[Data block — start]

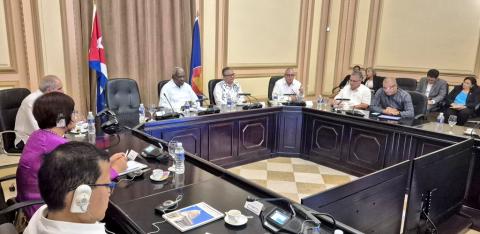 Intercambió Esteban Lazo con miembros del Cuerpo Diplomático de Asia y Oceanía acreditado en Cuba Intercambió Esteban Lazo con miembros del Cuerpo Diplomático de Asia y Oceanía acreditado en Cuba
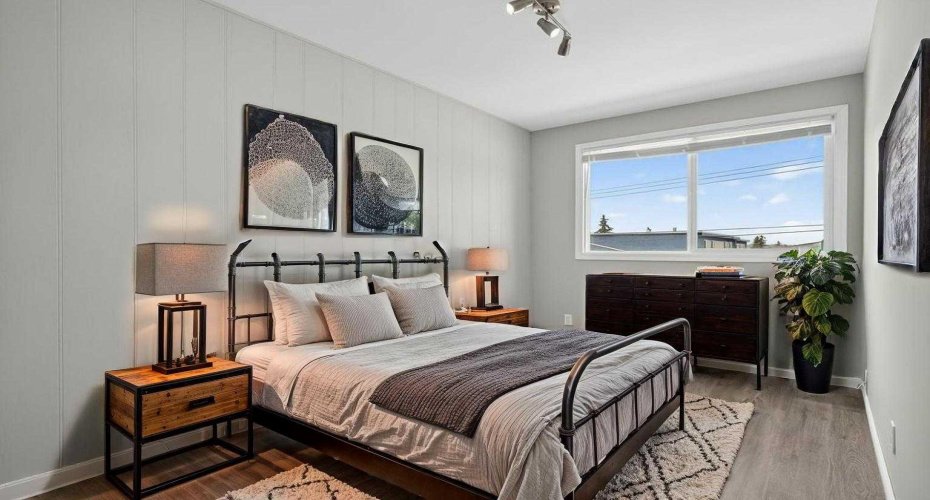 2211 19 Street, Calgary, Alberta T2E 4Y5, 3 Bedrooms Bedrooms, ,1 BathroomBathrooms,Residential,For Sale,19,A2297029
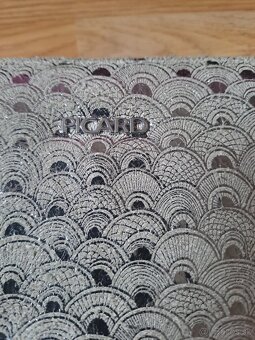 Damska penazenka. - 2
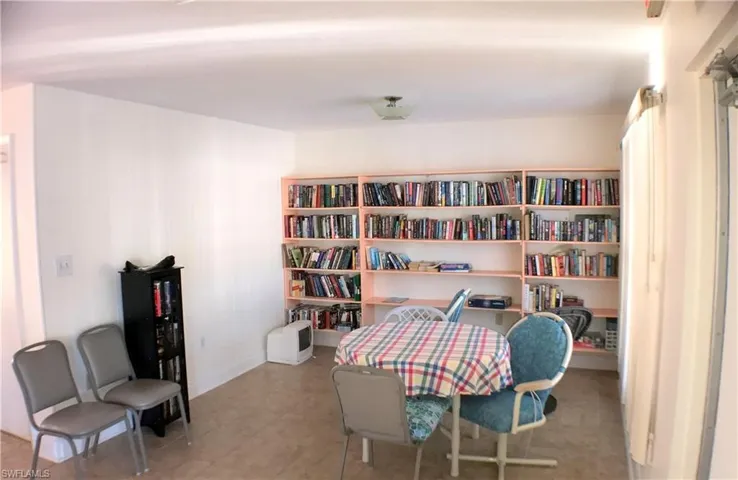 2828  Jackson  ST, Fort Myers, FL 33901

[Data block — finish]

§ **Work order**:
Restate word for word, please, the line containing "Damska penazenka. - 2" and all lines after it through the end of the material; the pictures do not belong in the copy.

§ **Written answer**:
 Damska penazenka. - 2
 2828  Jackson  ST, Fort Myers, FL 33901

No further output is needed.